Work instruction
Pictures aside, return all of the records exactly as they stand.

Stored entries

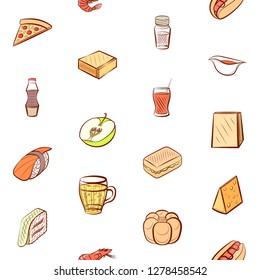 Various images set. Background for printing, design, web. Usable as icons. Seamless. Colored.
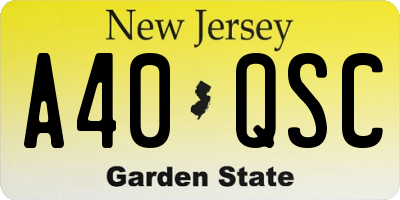 NJ license plate A40QSC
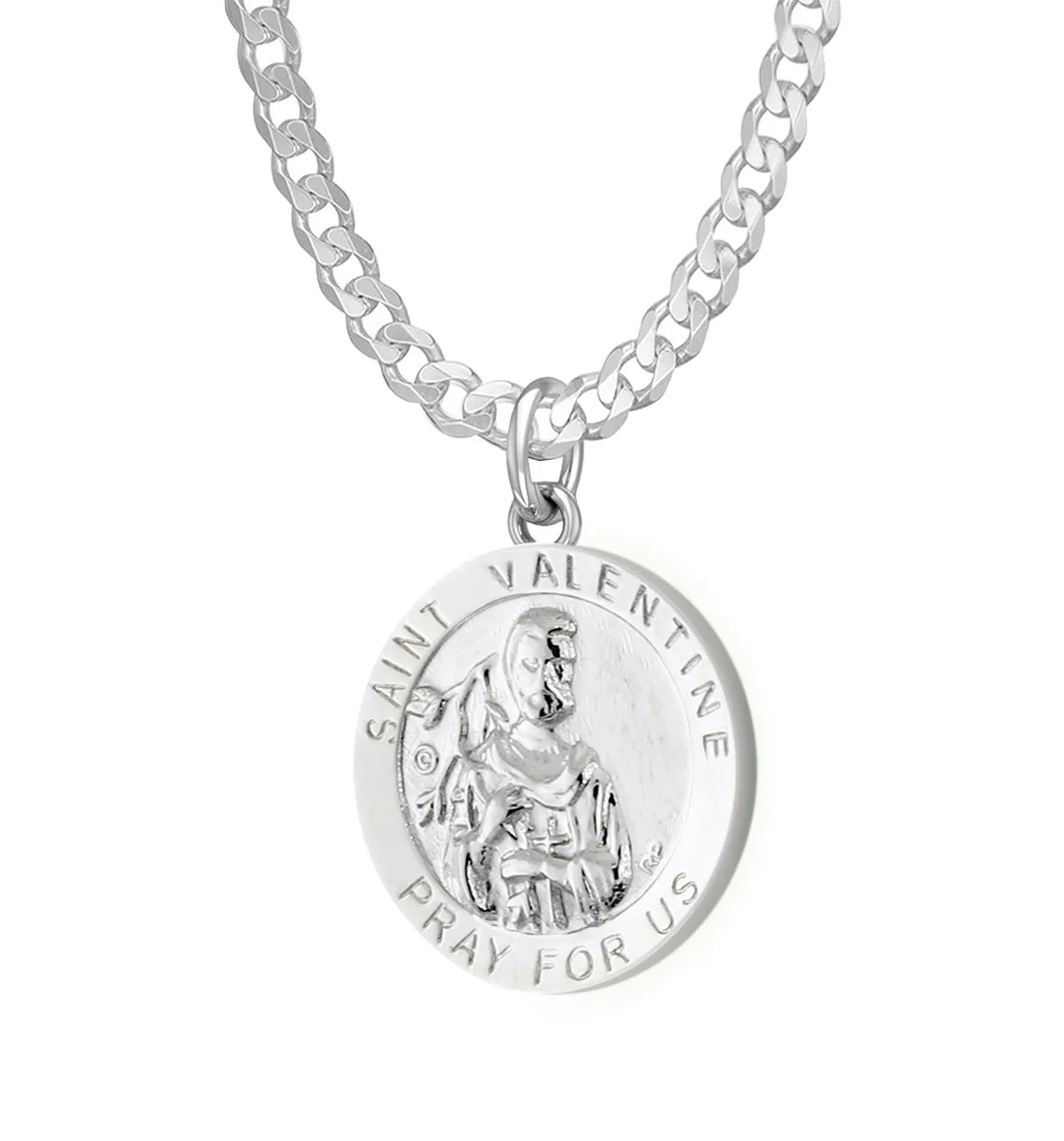 Ladies 925 Sterling Silver 18.5mm Polished Saint Valentine Medal Pendant Necklace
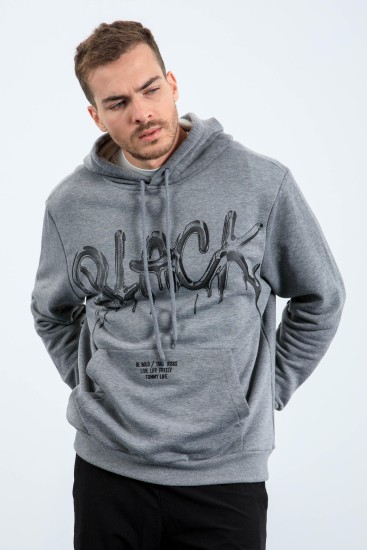 Gri Melanj Graffiti Yazı Baskılı Kapüşonlu Rahat Form Erkek Sweatshirt - 88031 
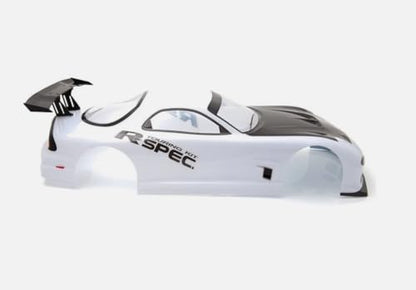 1/10 Scale RC Painted Drift Racing Touring OnRoad Car Body Shell, No Cut, 1:10 Scale, RX7 White (with Tail Wings) - style: With Tail Wings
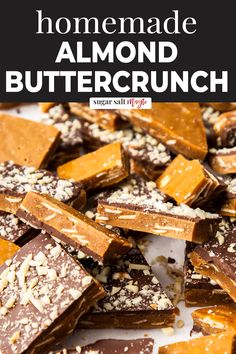 homemade almond butter crunch candy bars on a white plate with text overlay that reads homemade almond butter crunch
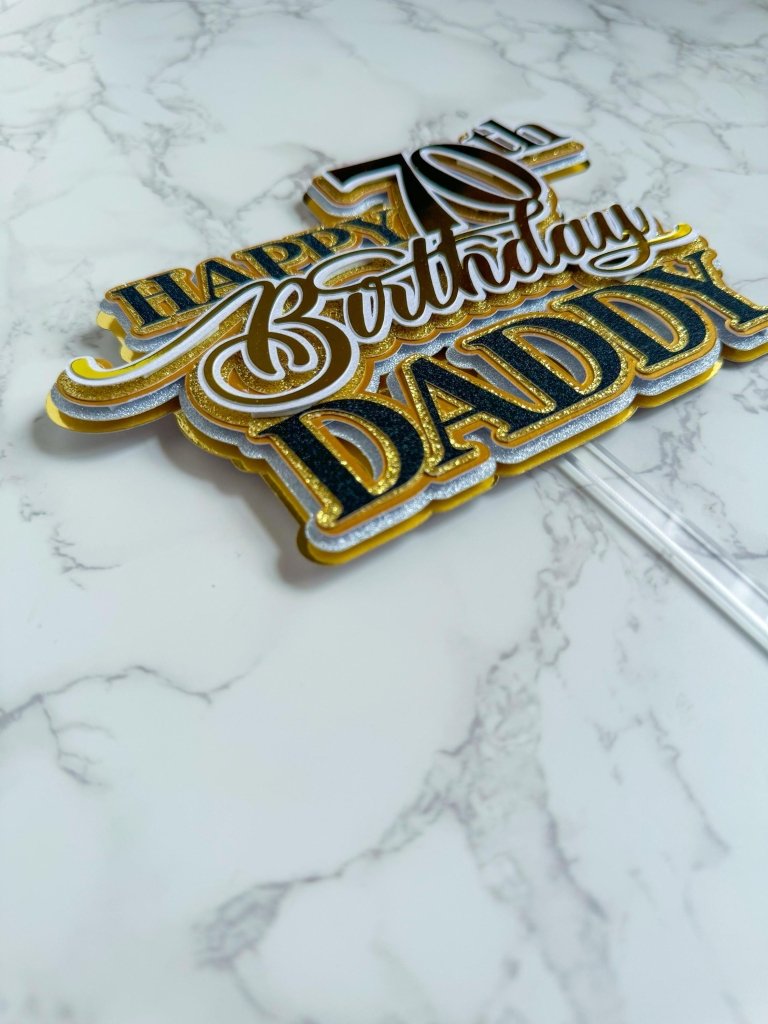 Happy 70th Birthday Cake Topper : Milestone cake topper - Demi's Krafts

Response area
 Various images set. Background for printing, design, web. Usable as icons. Seamless. Colored.
 NJ license plate A40QSC
 Ladies 925 Sterling Silver 18.5mm Polished Saint Valentine Medal Pendant Necklace
 Gri Melanj Graffiti Yazı Baskılı Kapüşonlu Rahat Form Erkek Sweatshirt - 88031 
 1/10 Scale RC Painted Drift Racing Touring OnRoad Car Body Shell, No Cut, 1:10 Scale, RX7 White (with Tail Wings) - style: With Tail Wings
 homemade almond butter crunch candy bars on a white plate with text overlay that reads homemade almond butter crunch
 Happy 70th Birthday Cake Topper : Milestone cake topper - Demi's Krafts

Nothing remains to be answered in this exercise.